The order was issued on Friday and paves the way for as many as 240 million Americans on whom Cambridge Analytica claims to have data, to file similar requests, according to a Guardian newspaper report.
Cambridge Analytica and its UK parent SCL Elections Ltd on Wednesday said they would cease operations and begin bankruptcy proceedings. Both firms were at the centre of the Facebook user data scandal.
Regardless, the ICO order gives SCL Elections 30 days to comply with the order or appeal, or face a criminal prosecution.
“We are aware of recent media reports concerning Cambridge Analytica’s future but whether or not the people behind the company decide to fold their operation, a continued refusal to engage with the ICO will potentially breach an Enforcement Notice and that then becomes a criminal matter,” Elizabeth Denham, the information commissioner, said in a statement.
The order follows a complaint lodged by US academic David Carroll. Under UK data protection law, he had filed a request for his data in January 2017 and had received a response in March.

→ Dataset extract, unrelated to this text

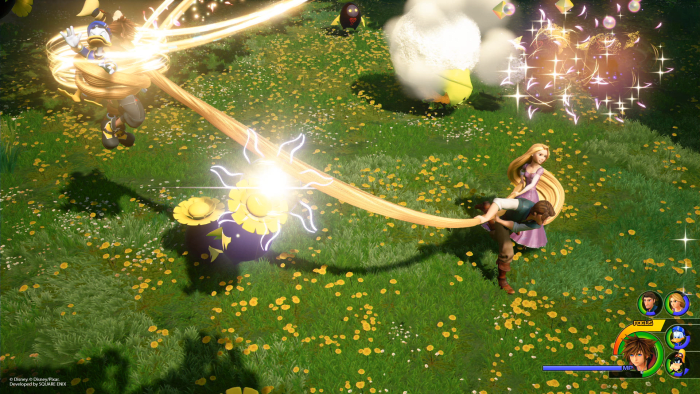 Disney's Rapunzel fighting Heartless in a team attack with Sora, Donald, and Goofy.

The response included a ranking on a scale of one to 10 of the importance for Carroll of issues including gun rights, immigration and the environment as well as his likely voting preference.
Dissatisfied that he had been given all of the personal data held about him by the company, or an explanation of where the data had come from, Carroll complained to ICO.
On September 26, SCL Elections wrote to ICO saying that because Carroll was not a UK citizen, he was no more entitled to make a so-called subject access request under the data protection act “than a member of the Taliban sitting in a cave in the remotest corner of Afghanistan”, ICO’s legal notice said.
The Friday order by ICO contradicts this position and orders SCL Elections to provide Carroll with a description of his personal data, as well as the purposes the data was processed for and the source of the data.
“This should solve a lot of mysteries about what the company did with data and where it got it from,” Carroll told the Guardian.